The venture will hire 1,000 people to market OpenAI products to Japanese industries from automakers to retailers, Son said. He said SoftBank’s own group companies — including LY Corp. and PayPay Corp. — will collectively use the US company’s tools to the tune of about $3 billion a year.

The tie-up underscores SoftBank’s emergent role in driving AI development around the world, from leading the $100 billion Stargate endeavor in the US to a years-long effort to build datacenters in its home country of Japan. It also points to Son’s embrace of OpenAI’s model of seeking ever-larger troves of data to generate the best outcomes.

“If more is better, we should do a lot. More brain is definitely better,” Son said during a press event, where he shared a Tokyo stage with Altman. He made an apparent nod to the popularity of Chinese startup DeepSeek’s cheaper AI model now challenging the premise underpinning the need for big AI spending: “Some people say you can do small — compressed — but that’s just small.”

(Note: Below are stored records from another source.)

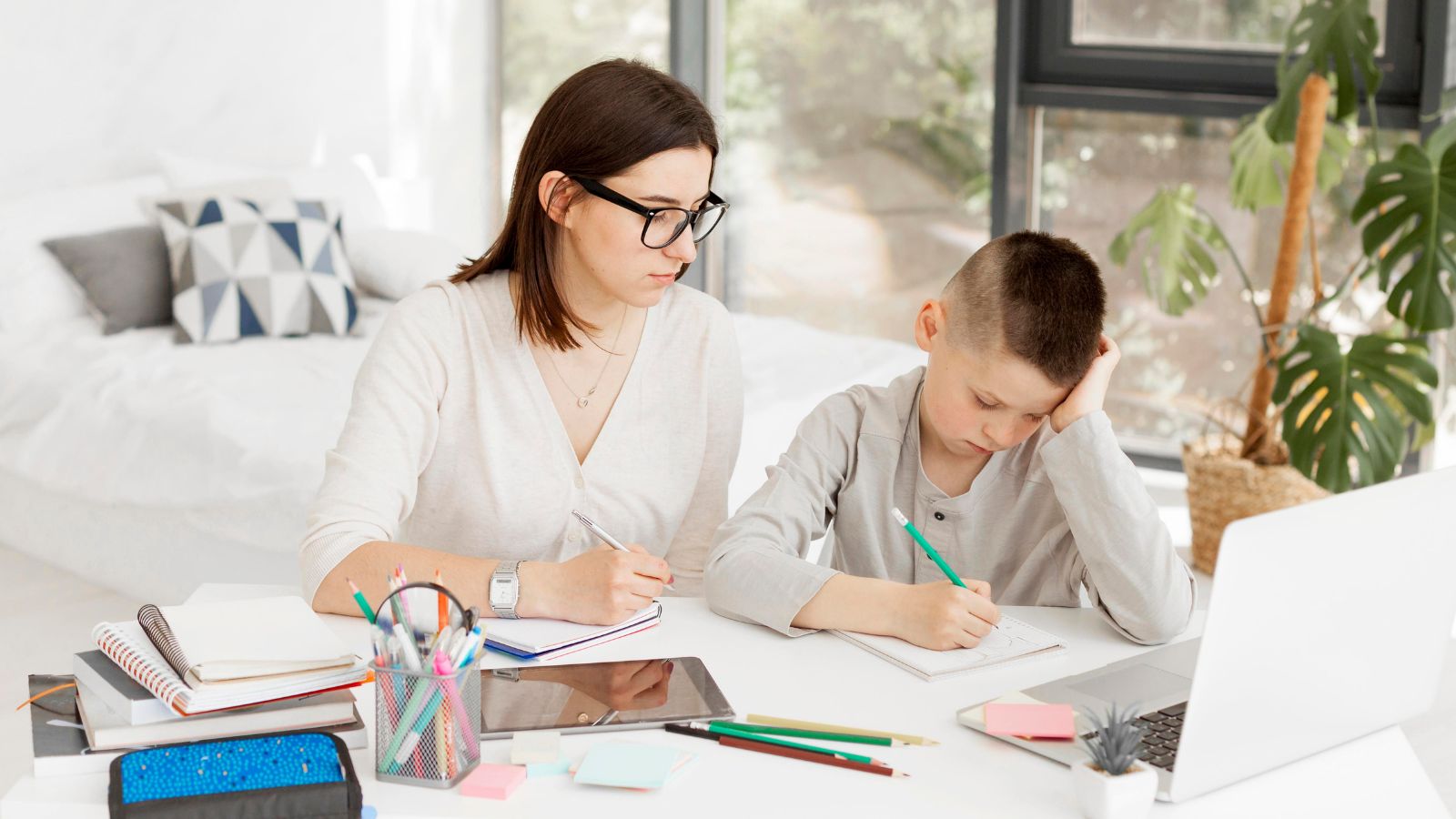Her Family Pressured Her to Tutor Her Nephew — She Said No, And The Guilt of Disappointing Them Has Been Hard to Shake Woman teaching a young boy with his homework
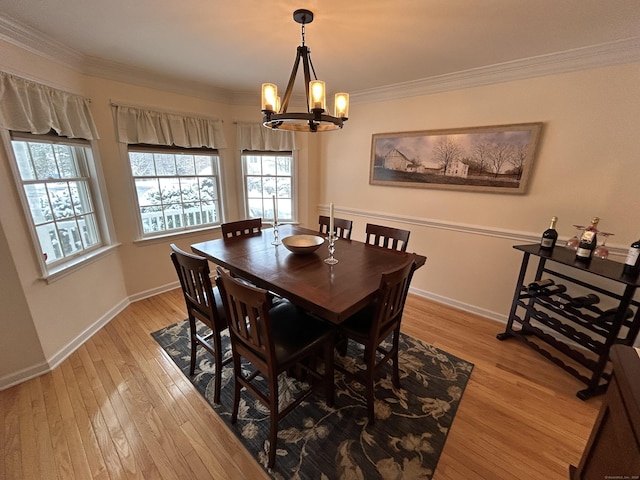 dining area featuring crown molding, a notable chandelier, and light wood-type flooring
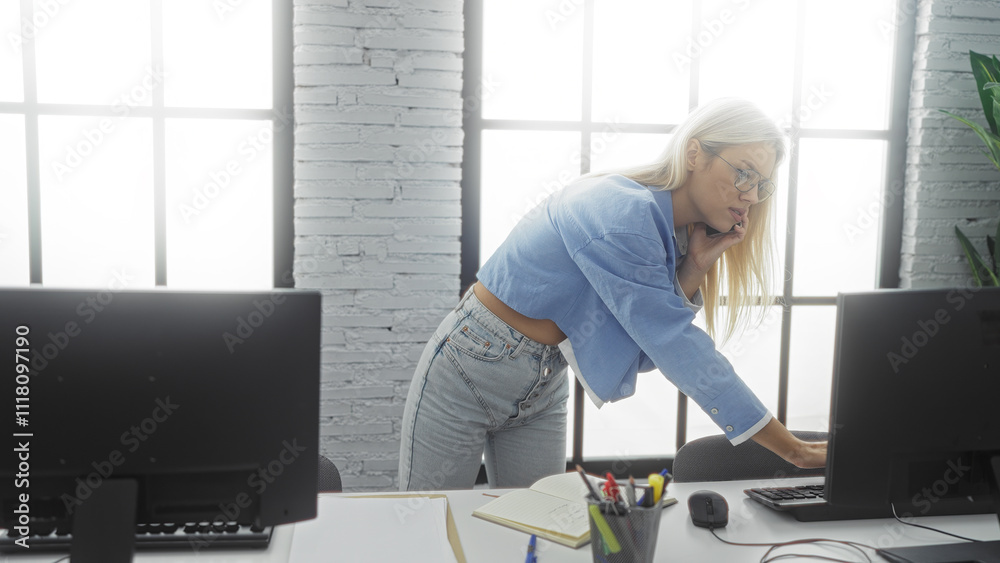 Woman talking on phone in modern office setting with computer desk and large window showcasing professional indoor workspace atmosphere. Woman talking on phone in modern office setting with computer desk and large window showcasing professional indoor workspace atmosphere.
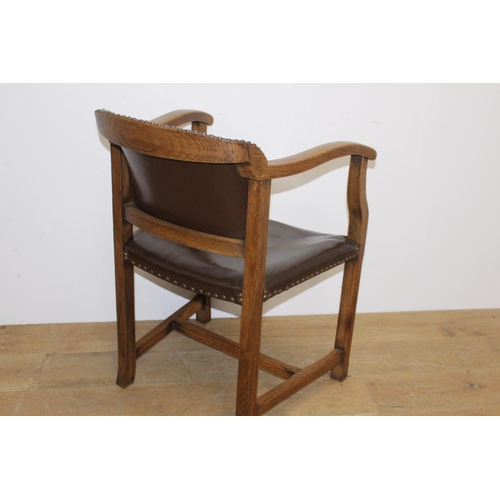 297 - Oak leather upholstered office chair { 82cm H X 56cm W X 46cm D }.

SoftBank joins a growing roster of tech leaders including Meta Platforms Inc. to Microsoft Corp. that are spending billions of dollars to lay the foundation for future AI development and use.

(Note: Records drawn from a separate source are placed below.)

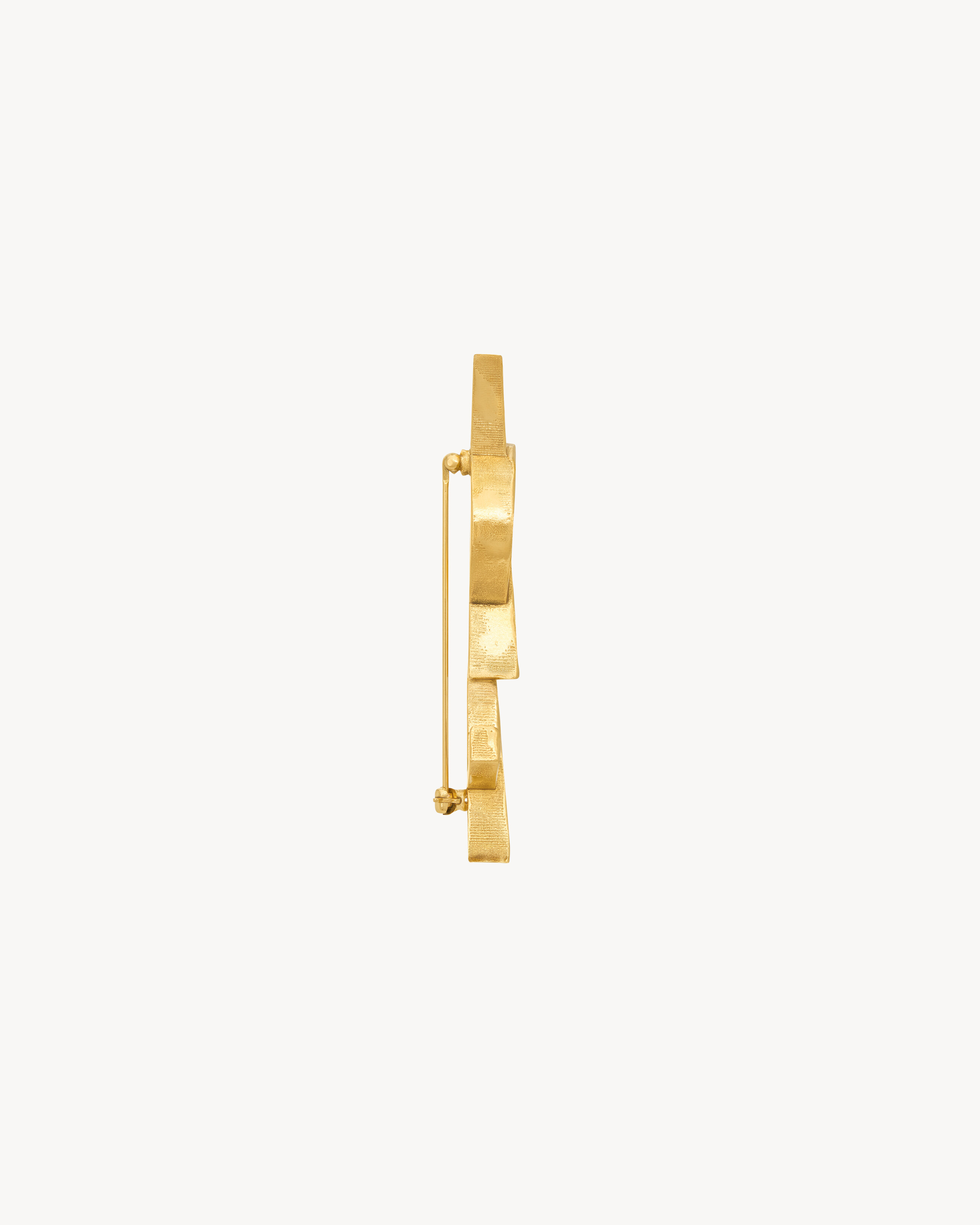 CASSANDRE brooch in metal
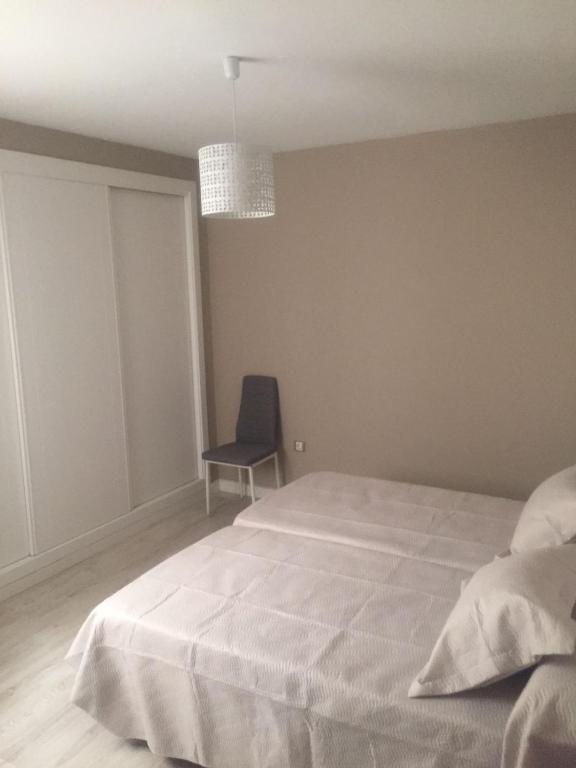 Un dormitorio con una cama blanca y una silla. en Apartamento Centro Merced, en Ronda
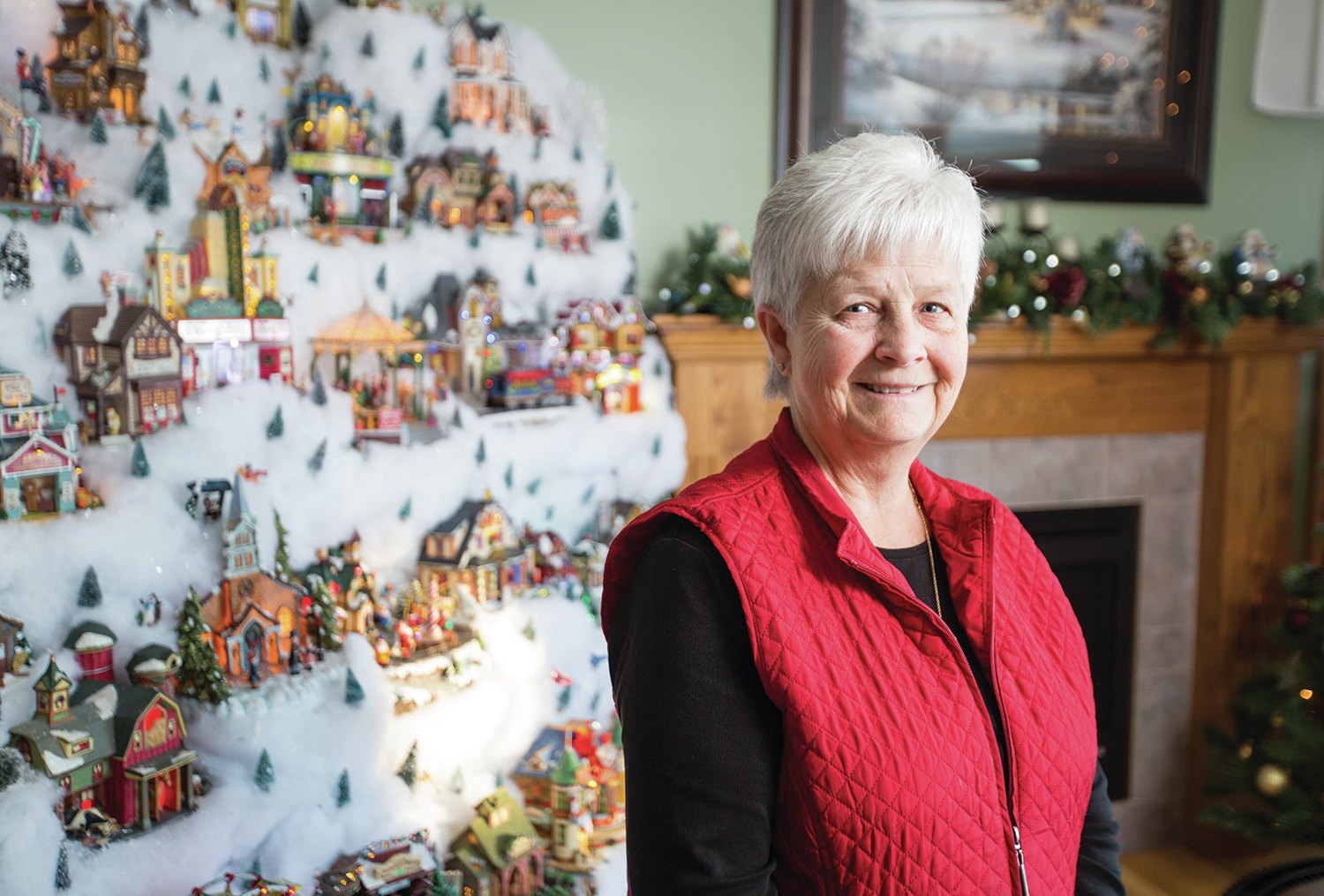 CHRISTMAS TRADITION - Linda Saretzky spent some time looking at her huge Christmas village display in her home in Red Deer. Saretzky and her husband have always been huge lovers of Christmas. See our slideshow at www.reddeerexpress.com.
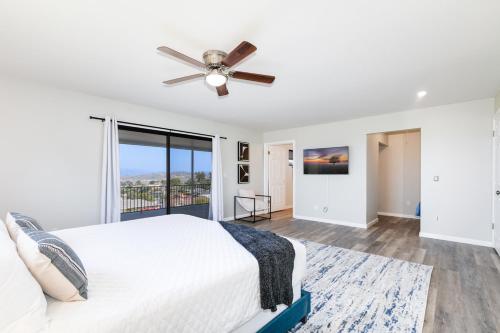a bedroom with a white bed and a ceiling fan at Sleeps 31 10br Mountain View, Pool, Spa and Games in El Cajon
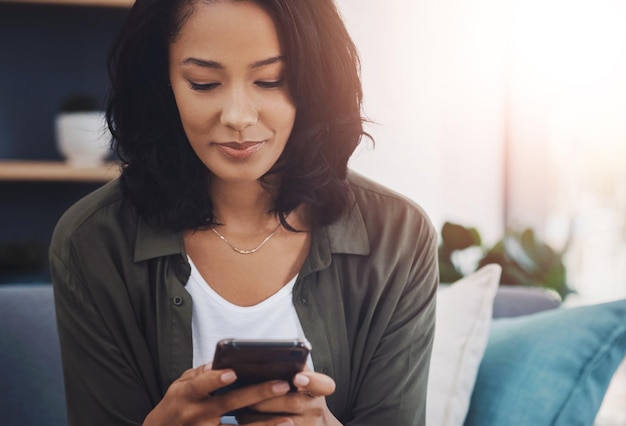 Chatear con una mujer y un teléfono inteligente en el sofá para leer redes sociales o relajarse con internet en el hogar Blog sonreír y persona femenina en la sala de estar o salón para la conexión desplazarse o aplicación móvil para la creación de redes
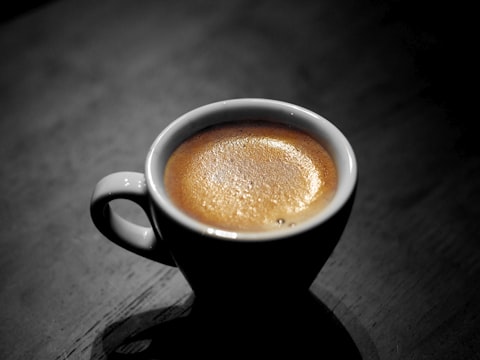 Espresso pour from a portafilter into a small white cup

“The world is going to need so much compute,” Altman told Son, painting an imminent future of AI breakthroughs in healthcare and robotics. “The returns on a linear increase in intelligence is exponential in terms of value. It takes a lot of capex, but it creates that much revenue.”

Shares of SoftBank closed up 0.5%, erasing losses at the beginning of the day.

Japan, which largely missed the initial wave of growth from the internet, can’t afford to lose another three decades, Son has said. But the resource-poor country remains constrained in its pursuit of AI by the high price of imported oil and gas. The public is also wary about nuclear power following the 2011 Fukushima meltdowns in a country that experiences hundreds of noticeable quakes a year.